## What is being asked
Beginning with the line containing "Holiday Inn Express Brooklyn, an IHG Hotel", write out each line exactly through the end of the listing, and skip all pictures.

## Dataset extract
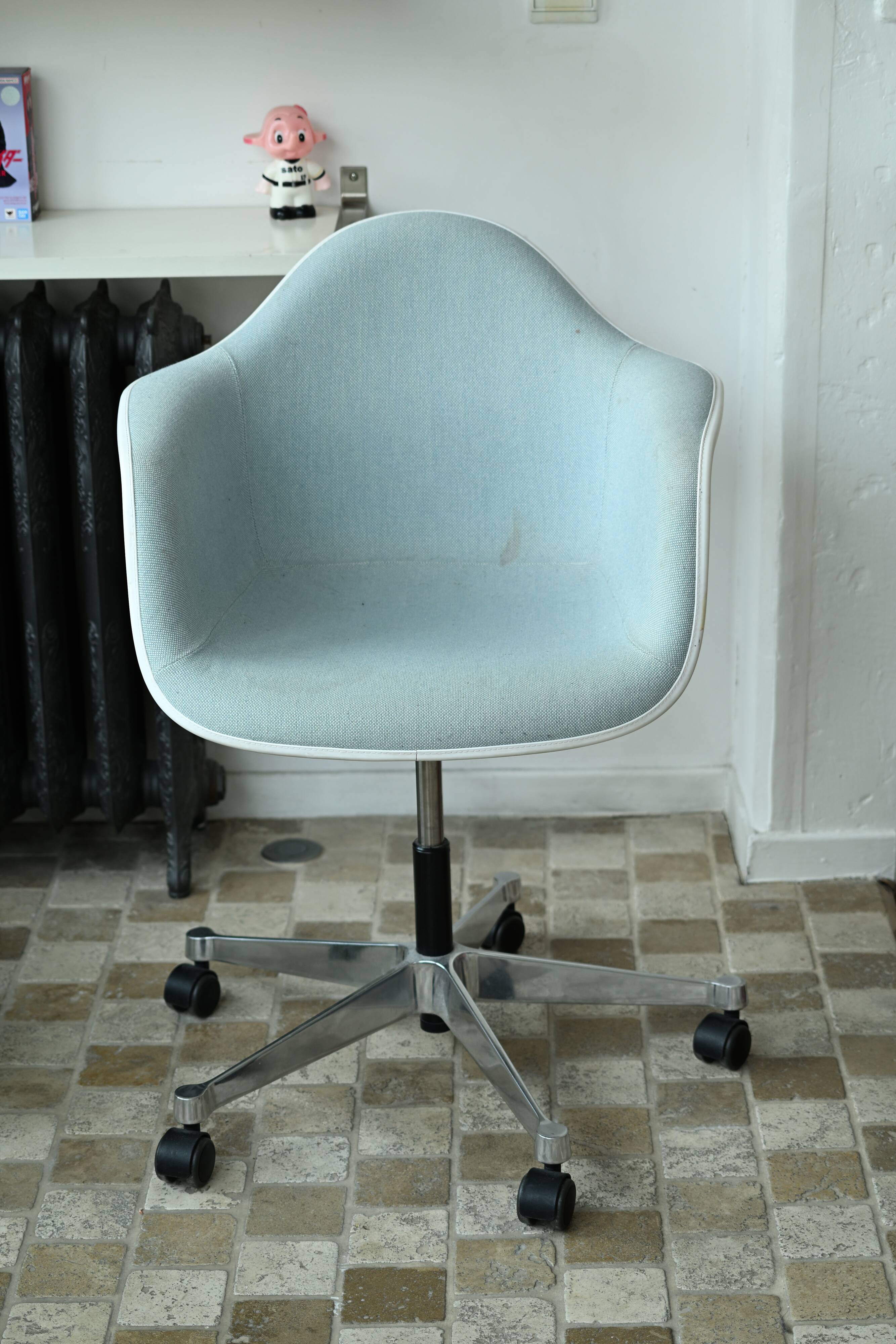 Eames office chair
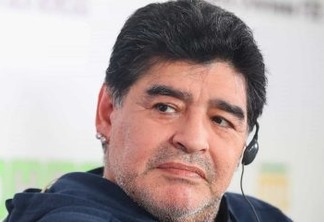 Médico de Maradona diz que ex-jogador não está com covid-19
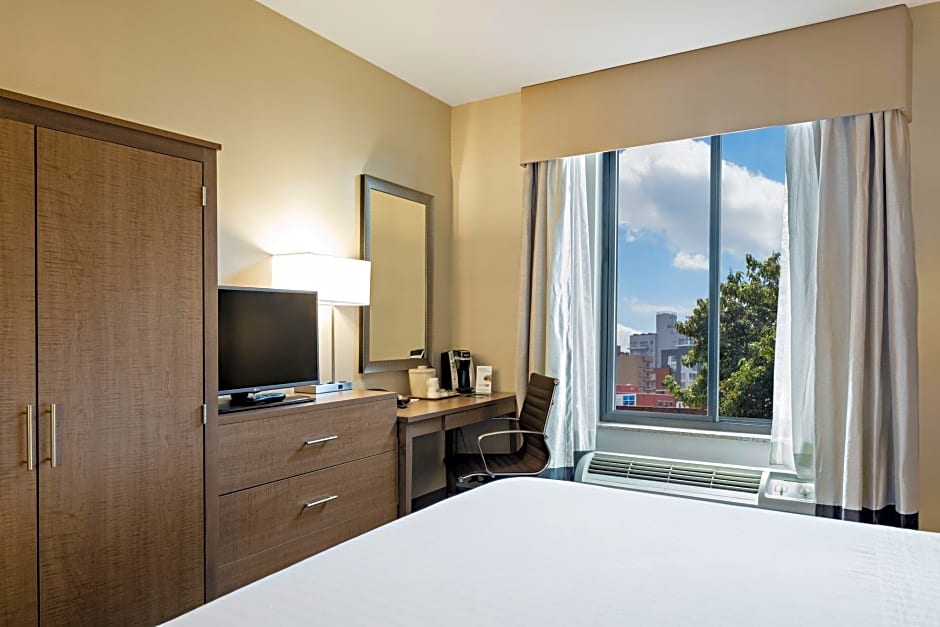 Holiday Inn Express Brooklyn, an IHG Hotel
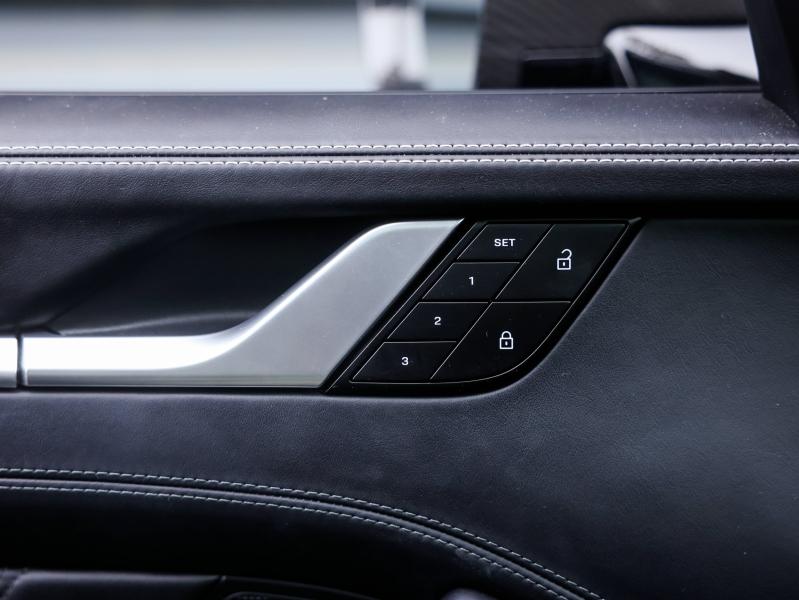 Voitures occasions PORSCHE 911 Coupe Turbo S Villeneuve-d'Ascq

## Response area
 Holiday Inn Express Brooklyn, an IHG Hotel
 Voitures occasions PORSCHE 911 Coupe Turbo S Villeneuve-d'Ascq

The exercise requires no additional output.